Ia kemudian tumbuh beranjak dewasa, menyelesaikan S1 dan Magister Syariah, dan 'harusnya' beberapa jam lagi ia akan menyelesaikan doktoralnya. Beliau Syeikh Fadi Abu Shukheidim (42 tahun).
Namun, setiap orang punya mimpi yang berbeda, dan mimpi Syeikh Fadi Abu Shukheidim, pengajar di pelataran masjid al-Aqsa itu adalah sebuah mimpi yang luhur.
Kemarin, Ahad (21/11/2021), senapannya memuntahkan peluru yang merenggut nyawa seorang penjajah dan melukai dua lainnya. Sebelum Kemudian ia ikut syahid.
Sang ibu yang mendengar berita wafatnya sang anak mengomentari dengan gagah:
"Semoga Allah merahmati dan meridhoinya. Aku menunggunya hari ini untuk memperbarui pasporku untuk keperluan umrah. Dia adalah seorang dicintai, pemberani, punya ilmu dan integritas."

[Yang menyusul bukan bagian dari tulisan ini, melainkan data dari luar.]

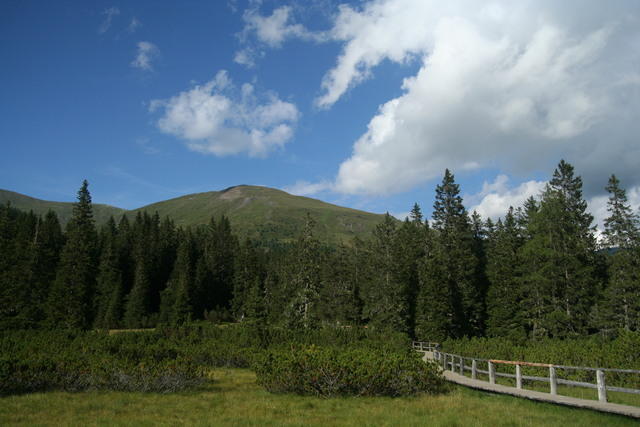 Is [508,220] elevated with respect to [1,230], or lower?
elevated

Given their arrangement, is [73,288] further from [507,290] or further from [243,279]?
[507,290]

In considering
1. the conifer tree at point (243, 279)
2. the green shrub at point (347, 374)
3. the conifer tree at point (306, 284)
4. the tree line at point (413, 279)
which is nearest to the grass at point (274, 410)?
the green shrub at point (347, 374)

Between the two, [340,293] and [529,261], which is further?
[340,293]

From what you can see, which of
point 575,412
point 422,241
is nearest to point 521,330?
point 422,241

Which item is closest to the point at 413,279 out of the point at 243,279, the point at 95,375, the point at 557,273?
the point at 557,273

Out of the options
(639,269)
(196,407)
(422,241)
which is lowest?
(196,407)

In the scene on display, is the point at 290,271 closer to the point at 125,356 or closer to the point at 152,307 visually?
the point at 152,307

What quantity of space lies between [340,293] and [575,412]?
187ft

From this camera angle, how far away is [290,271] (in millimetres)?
74438

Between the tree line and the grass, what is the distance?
19.7m

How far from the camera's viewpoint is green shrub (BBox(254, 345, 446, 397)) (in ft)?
48.3

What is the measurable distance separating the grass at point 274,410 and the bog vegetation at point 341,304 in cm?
113

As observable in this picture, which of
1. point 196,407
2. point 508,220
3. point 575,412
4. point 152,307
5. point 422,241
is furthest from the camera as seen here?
point 152,307

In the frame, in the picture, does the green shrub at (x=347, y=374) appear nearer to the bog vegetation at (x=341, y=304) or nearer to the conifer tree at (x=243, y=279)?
the bog vegetation at (x=341, y=304) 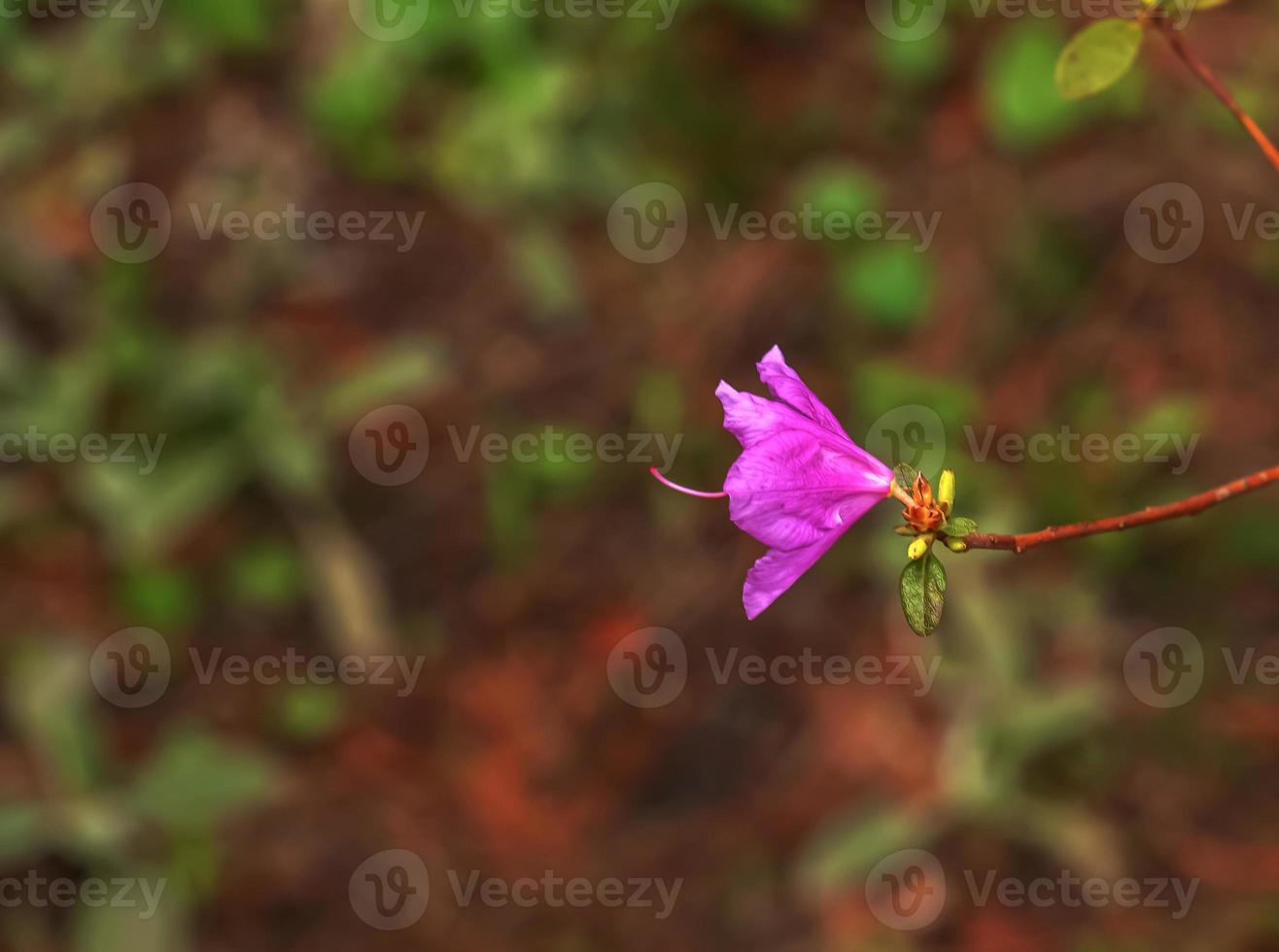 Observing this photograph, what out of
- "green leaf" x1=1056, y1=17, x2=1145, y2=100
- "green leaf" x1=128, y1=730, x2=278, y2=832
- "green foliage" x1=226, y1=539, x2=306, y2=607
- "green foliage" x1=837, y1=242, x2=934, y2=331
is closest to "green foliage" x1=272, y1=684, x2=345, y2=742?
"green leaf" x1=128, y1=730, x2=278, y2=832

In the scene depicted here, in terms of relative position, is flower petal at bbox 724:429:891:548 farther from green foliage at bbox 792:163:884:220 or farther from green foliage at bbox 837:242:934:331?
green foliage at bbox 792:163:884:220

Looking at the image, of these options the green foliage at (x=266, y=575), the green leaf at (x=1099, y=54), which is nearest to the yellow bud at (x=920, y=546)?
the green leaf at (x=1099, y=54)

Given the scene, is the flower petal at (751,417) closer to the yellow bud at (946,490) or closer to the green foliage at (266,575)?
the yellow bud at (946,490)

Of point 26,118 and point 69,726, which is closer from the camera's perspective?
point 69,726

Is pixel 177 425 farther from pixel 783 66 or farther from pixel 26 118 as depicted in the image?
pixel 783 66

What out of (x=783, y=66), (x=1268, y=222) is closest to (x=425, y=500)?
(x=783, y=66)

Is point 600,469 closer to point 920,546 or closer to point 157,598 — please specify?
point 157,598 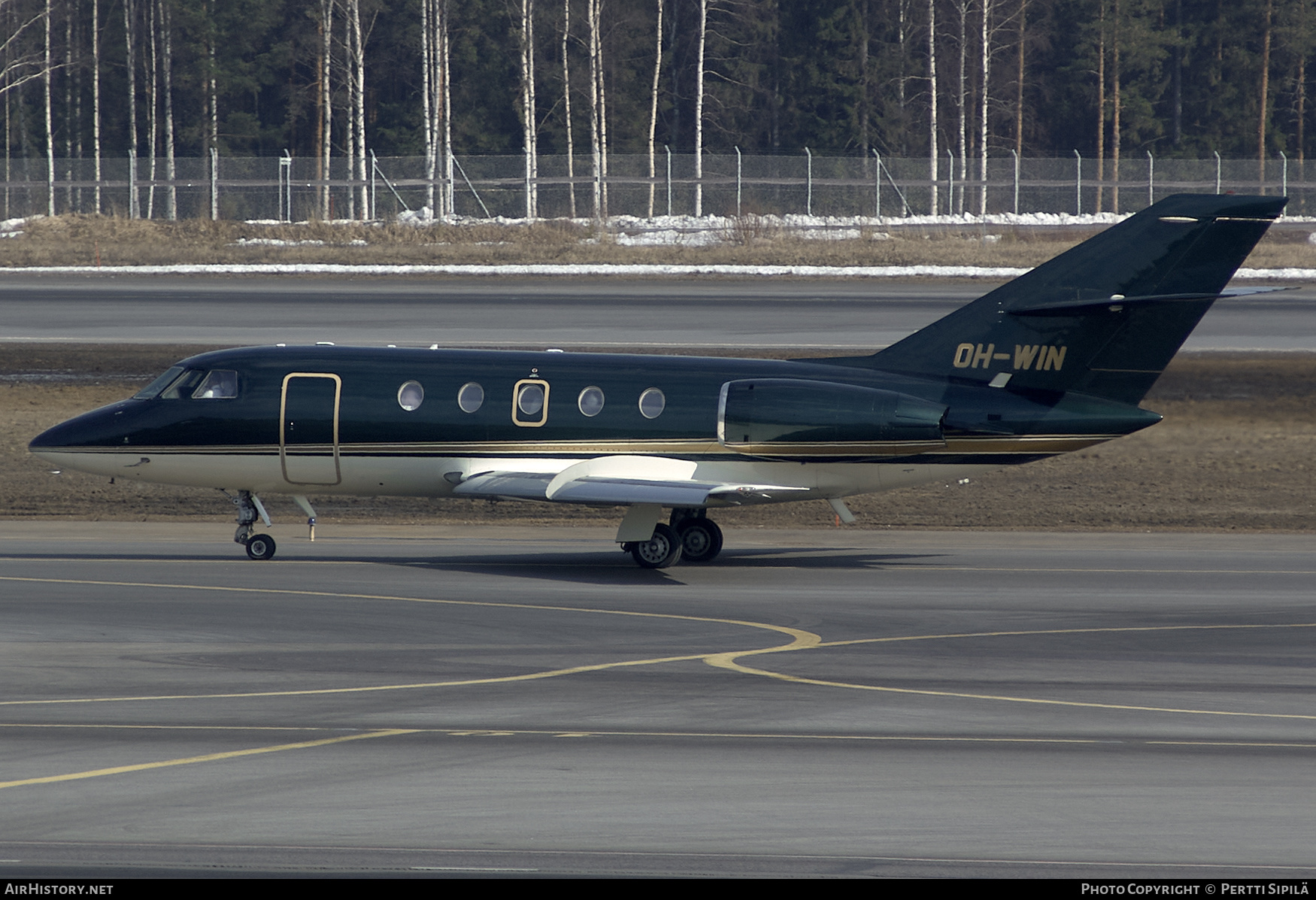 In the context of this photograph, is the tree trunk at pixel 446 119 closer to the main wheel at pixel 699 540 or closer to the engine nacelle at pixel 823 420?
the main wheel at pixel 699 540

Putra Syeikh Fadi Abu Shukheidim dalam postingannya setelah mendapatkan berita gugurnya sang ayah menulis:
"Alhamdulillah beliau meraih kesyahidan.
Beliau syahid seperti keinginannya, semoga Allah merahmatimu wahai tambatan hati.
Bagiku engkau adalah segalanya.
Engkau hidup layaknya singa dan matipun seperti singa.

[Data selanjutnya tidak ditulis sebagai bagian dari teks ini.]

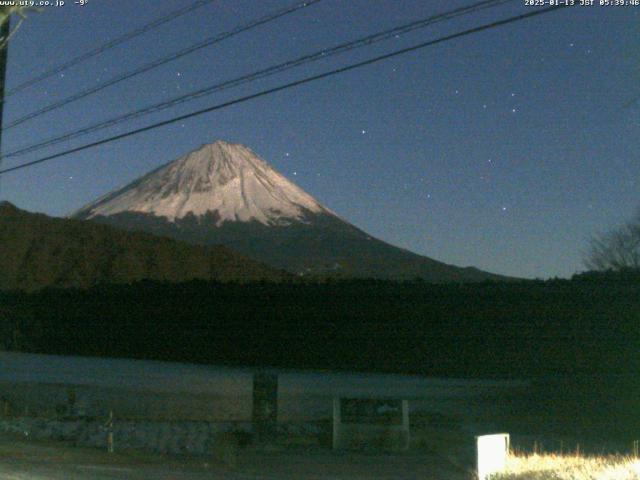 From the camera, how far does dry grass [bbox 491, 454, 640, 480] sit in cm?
941

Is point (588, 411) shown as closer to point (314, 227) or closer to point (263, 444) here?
point (263, 444)

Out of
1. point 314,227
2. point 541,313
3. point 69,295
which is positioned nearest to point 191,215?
point 314,227

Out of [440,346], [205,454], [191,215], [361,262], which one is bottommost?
[205,454]

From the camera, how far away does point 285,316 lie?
4206cm

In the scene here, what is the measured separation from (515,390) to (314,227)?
3748 inches

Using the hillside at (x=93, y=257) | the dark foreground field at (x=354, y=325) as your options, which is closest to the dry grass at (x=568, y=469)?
the dark foreground field at (x=354, y=325)

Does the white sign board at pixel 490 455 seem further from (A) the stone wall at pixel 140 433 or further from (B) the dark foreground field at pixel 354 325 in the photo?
(B) the dark foreground field at pixel 354 325

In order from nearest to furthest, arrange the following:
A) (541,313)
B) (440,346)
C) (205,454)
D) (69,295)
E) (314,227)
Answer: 1. (205,454)
2. (541,313)
3. (440,346)
4. (69,295)
5. (314,227)

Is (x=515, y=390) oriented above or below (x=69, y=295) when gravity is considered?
below

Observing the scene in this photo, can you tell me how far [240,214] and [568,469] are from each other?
128664 mm

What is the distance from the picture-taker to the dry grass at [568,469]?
9406mm

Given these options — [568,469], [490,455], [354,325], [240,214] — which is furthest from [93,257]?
[568,469]

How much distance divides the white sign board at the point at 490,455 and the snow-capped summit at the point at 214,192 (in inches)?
4817

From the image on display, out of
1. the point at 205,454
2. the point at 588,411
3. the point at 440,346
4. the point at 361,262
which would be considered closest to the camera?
the point at 205,454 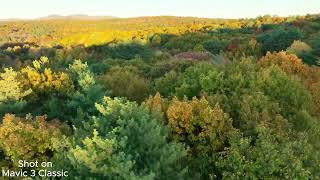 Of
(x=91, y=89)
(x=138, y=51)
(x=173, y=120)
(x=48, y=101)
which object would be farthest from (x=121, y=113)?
(x=138, y=51)

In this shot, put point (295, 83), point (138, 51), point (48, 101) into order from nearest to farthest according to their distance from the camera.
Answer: point (295, 83) < point (48, 101) < point (138, 51)

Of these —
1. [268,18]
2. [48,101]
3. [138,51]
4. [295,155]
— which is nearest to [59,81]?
[48,101]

Segala puji bagi Allah, aku menjadi putra dari seorang syuhada."
Kisah seperti ini, andai terjadi 80 tahun lalu di negeri kita melawan penjajahan Belanda tentu kita tidak akan ragu-ragu menggelari orang semisal Syaikh Fadi Abu Shukheidim sebagai pahlawan.
Namun hari sudah berganti kawan. Para pahlawan tak jarang digelari sebagai teroris.
Barangkali sebagian orang di generasi kita juga telah lupa bahwa "penjajahan diatas dunia harus dihapuskan".